Exercise brief: In the entries below, find the line with "For the map" and print exactly every line from there up to and including the line with "Let me briefly", with no other lines.

Input data:
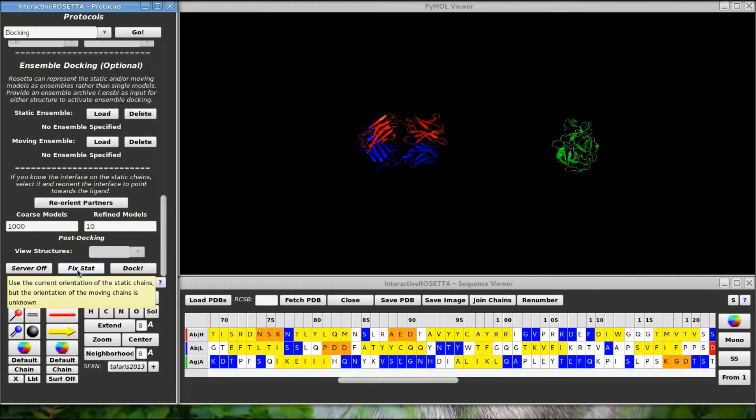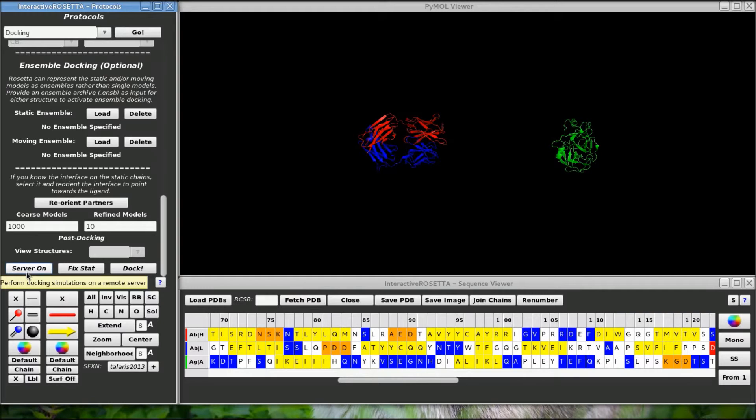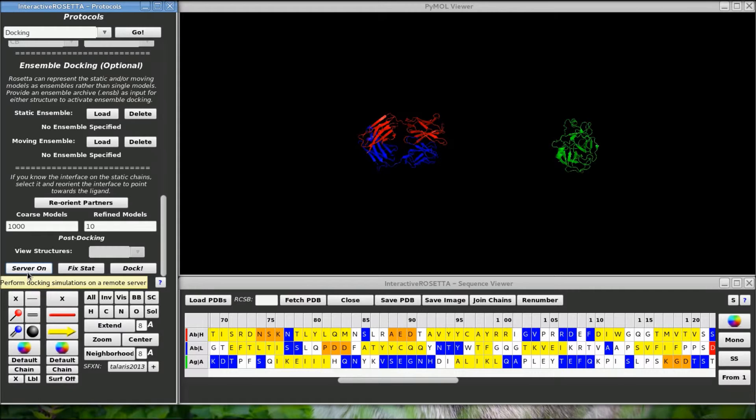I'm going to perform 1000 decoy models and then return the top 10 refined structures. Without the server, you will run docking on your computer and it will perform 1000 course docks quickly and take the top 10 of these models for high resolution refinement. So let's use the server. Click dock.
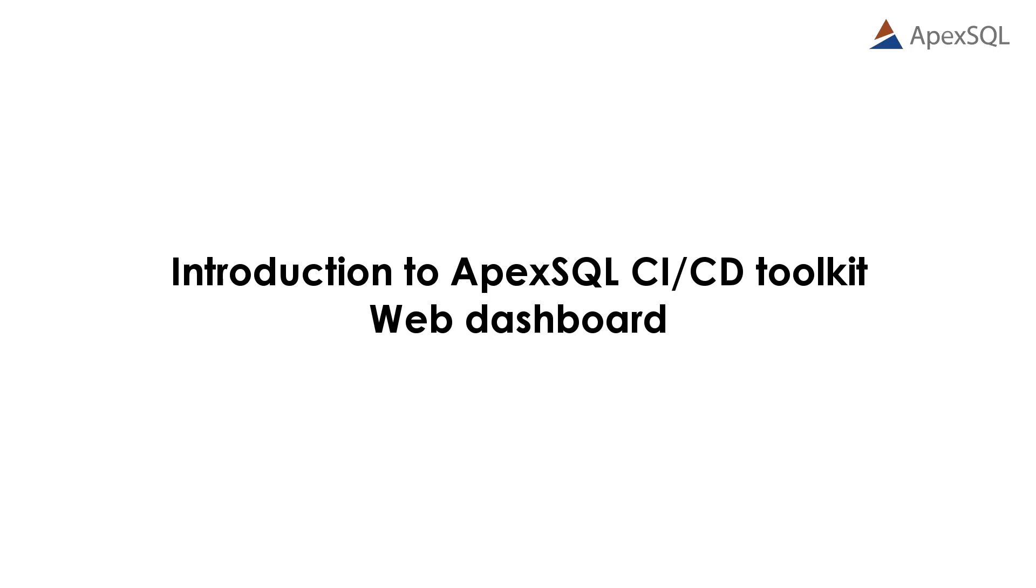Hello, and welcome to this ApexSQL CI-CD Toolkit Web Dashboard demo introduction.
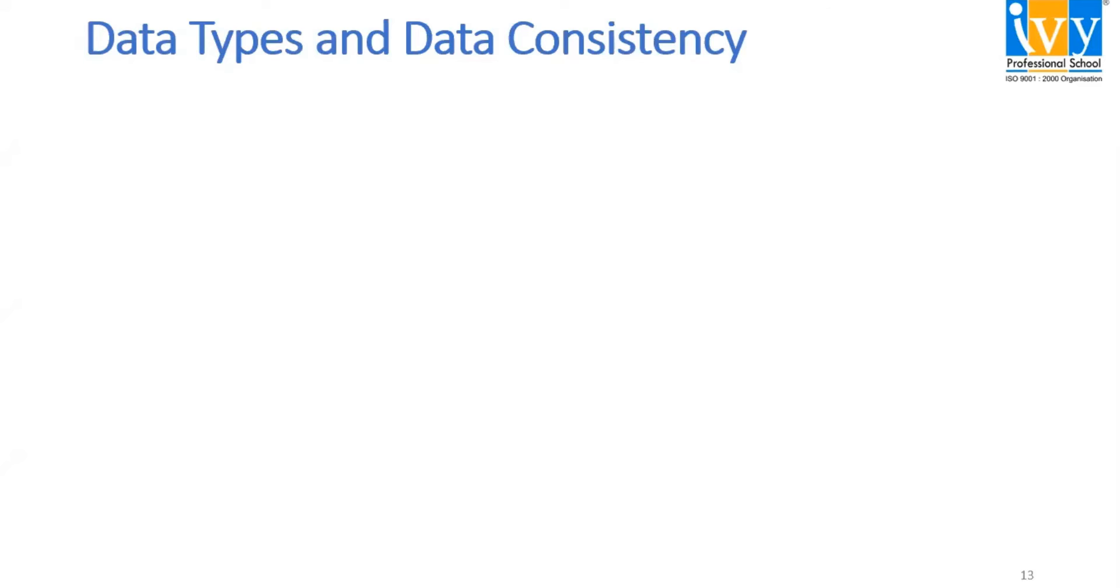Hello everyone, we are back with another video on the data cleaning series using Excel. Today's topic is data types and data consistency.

* * *

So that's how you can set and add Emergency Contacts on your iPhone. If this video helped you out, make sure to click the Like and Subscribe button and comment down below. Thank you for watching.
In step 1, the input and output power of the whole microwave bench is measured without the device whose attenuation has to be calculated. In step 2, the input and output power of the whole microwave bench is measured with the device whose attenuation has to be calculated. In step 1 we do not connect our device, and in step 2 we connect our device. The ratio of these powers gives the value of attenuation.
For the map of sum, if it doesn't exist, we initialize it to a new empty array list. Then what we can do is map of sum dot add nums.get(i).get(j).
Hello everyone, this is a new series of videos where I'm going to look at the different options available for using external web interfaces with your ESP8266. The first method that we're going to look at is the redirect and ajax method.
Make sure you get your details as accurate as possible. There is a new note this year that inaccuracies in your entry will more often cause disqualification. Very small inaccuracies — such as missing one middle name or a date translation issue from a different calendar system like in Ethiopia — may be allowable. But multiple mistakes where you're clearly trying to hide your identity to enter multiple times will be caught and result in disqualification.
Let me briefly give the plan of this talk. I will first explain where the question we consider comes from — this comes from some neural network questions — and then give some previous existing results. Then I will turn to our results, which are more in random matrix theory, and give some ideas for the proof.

Solution to the problem:
For the map of sum, if it doesn't exist, we initialize it to a new empty array list. Then what we can do is map of sum dot add nums.get(i).get(j).
Hello everyone, this is a new series of videos where I'm going to look at the different options available for using external web interfaces with your ESP8266. The first method that we're going to look at is the redirect and ajax method.
Make sure you get your details as accurate as possible. There is a new note this year that inaccuracies in your entry will more often cause disqualification. Very small inaccuracies — such as missing one middle name or a date translation issue from a different calendar system like in Ethiopia — may be allowable. But multiple mistakes where you're clearly trying to hide your identity to enter multiple times will be caught and result in disqualification.
Let me briefly give the plan of this talk. I will first explain where the question we consider comes from — this comes from some neural network questions — and then give some previous existing results. Then I will turn to our results, which are more in random matrix theory, and give some ideas for the proof.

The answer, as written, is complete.